The mirror image of two men trying to support their families is visually apparent from director Paul Greengrass and expertly written by screenwriter Billy Ray. Ray makes the film more than what appears to be a true account of Somalians taking over a shipping freighter from the tightfisted Captain Richard Phillips and turns it into a fascinating exploration of two societies, their difference, and more interestingly their similarities.
Phillips is played by the transformative Tom Hanks who has fallen into middle age with ease as he leaves behind youthful men. His prime is in the past, but only Hanks could take that as an opportunity to give himself a chance to examine and portray people who have experienced life and all its evils. Hanks brings star power to the role and his nice-guy charm make Phillips more empathetic. In moments of suspense, Hanks purely shines, but it’s the father in Phillips that is more interesting to witness. One of the young Somalians cuts his feet on glass strategically laid by Phillips’ crew and the captain focuses on the young man’s wounds rather than his own safety.
I could rave all day about this entirely engaging film and the performances, but I’m going to get on my soap box for a moment. The biggest issue I have with the film is one I found with “The Butler” after my review was published. “Captain Phillips,” like “The Butler,” is not a true story; the film is a presentation of false heroism and selflessness not inherently within Capt. Richard Phillips. According to his crew, the captain should not be considered a hero. He was reckless in his actions considering he put them into harm’s way unnecessarily.

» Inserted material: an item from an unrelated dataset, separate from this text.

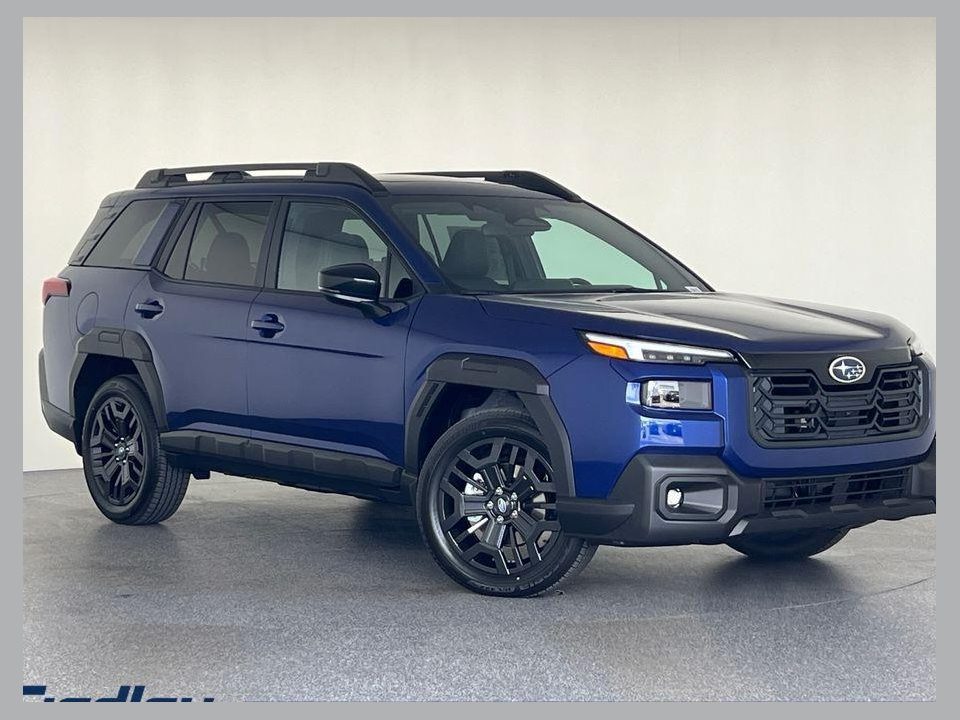 2026 Subaru Outback Limited XT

There has been a trend as of late to inflate heroic true stories into something they’re not. In fact, we gave an Oscar to one of those films just last year, “Argo.” “Captain Phillips’ ” Oscar hopes aren’t high, but Hanks may have a nomination coming for his portrayal of this would-be hero whose own account of the tale has recently been published.
It’s not my job to tell you not to see a film, it’s my job to inform you. “Captain Phillips” is an incredible motion picture, but that’s all it is. Don’t look at the film as the whole truth and nothing but. Appreciate it for the contrast created between middle-class American citizens and poor Somalians who see no way out of poverty unless they use criminal means. For that tale Greengrass is more the hero than Phillips, because he’s bringing to light a problem so supremely wrong with this world that we often ignore.
The filmmaking is incredible and keeps an audience on the edge of their seat throughout and never lets up on the relentless noise of the picture. Not until the very end will you realize how effectively Greengrass uses the vicious, mechanical sounds of ships both under and above water to create an immersive atmosphere for both actors and audience. Unfortunately beneath this thrilling sea epic is a falsely constructed story of a man who may not be all that heroic after all.